For these questions coming from applications, we seek for a concrete usable answer…
This post is inspired from (separate) informal discussions with Georges Oppenheim and Didier Concordet. My friend and colleague Christophe Giraud told me that he is working with Nicolas Verzelen and Fanny Villers on the first question.
For your third problem, what kind of assumption would you make on the density of X and Y?
Here is a really naive approach if you think that the densities are smooth and have compact support:
1) If you assume that the densities belong to some finite dimensional subspace S, then you can build a test by estimating separately the densities of X and Y and comparing the associated confidence region. This would give you a parametric test T_S.

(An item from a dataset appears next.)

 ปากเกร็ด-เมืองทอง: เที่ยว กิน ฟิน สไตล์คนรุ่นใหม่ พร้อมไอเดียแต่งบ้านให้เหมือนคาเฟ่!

2) Apply a Bonferroni procedure with a nested class of subspaces that derives from a wavelet expansion.
The procedure is valid since under the null hypothesis the projections of the densities of X and Y on any subspace S are still the same.

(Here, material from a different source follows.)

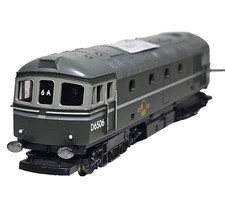Lima l205115 scale for sale  WIGAN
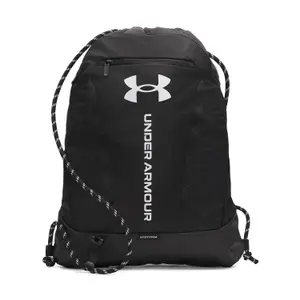 Mochila Under Armour Hustle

Such a procedure does not make use of the possible dependency between X and Y.
Thanks Nicolas for your comments. Your answer is roughly the answer that I gave immediately to Georges Oppenheim but he was not happy with it 🙂 He argued that if you estimate the marginal laws from the observation of the couple, then your couple of estimators are correlated unless you split the sample in two parts reducing its effective size by a factor of 2. I suggested some resampling procedure, but he was still not happy 🙂 I think that he was motivated by small samples rather than by asymptotic theory.
I do not think you have to split to sample in two parts:
Take a confidence region of the density fx and a confidence region of fy at level 97.5%. A test that rejects H0 if the two confidence regions are disjoint has a level has a size smaller than 5%. Roughly, I would think that you lose a factor of 2 in a logarithm term instead of a factor 2.